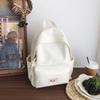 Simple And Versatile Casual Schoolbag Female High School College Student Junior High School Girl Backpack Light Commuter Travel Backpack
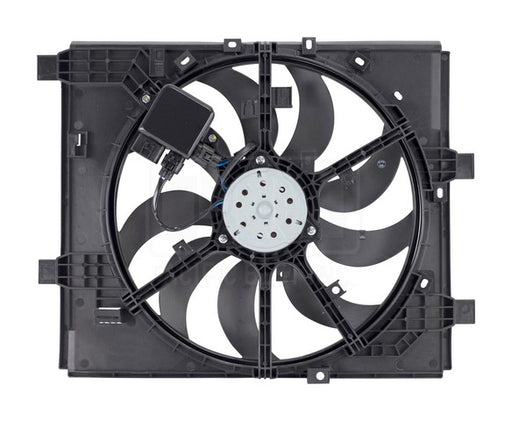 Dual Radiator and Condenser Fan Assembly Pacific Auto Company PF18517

==

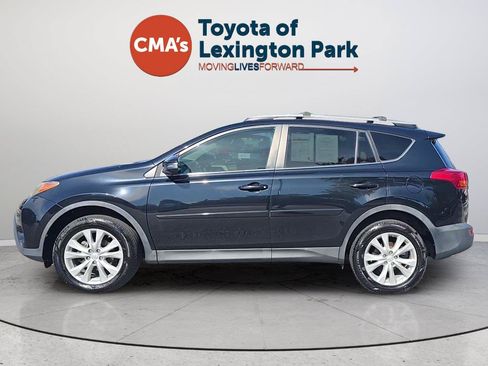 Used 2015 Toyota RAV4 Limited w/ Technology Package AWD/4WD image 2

§ **PROMPT**: Look above for the line with "Simple And Versatile"; quote it and every line after it, stopping after the line with "Dual Radiator and", exactly, with nothing added and without pictures.

§ **SOLUTION FOR THIS TASK**:
 Simple And Versatile Casual Schoolbag Female High School College Student Junior High School Girl Backpack Light Commuter Travel Backpack
 Dual Radiator and Condenser Fan Assembly Pacific Auto Company PF18517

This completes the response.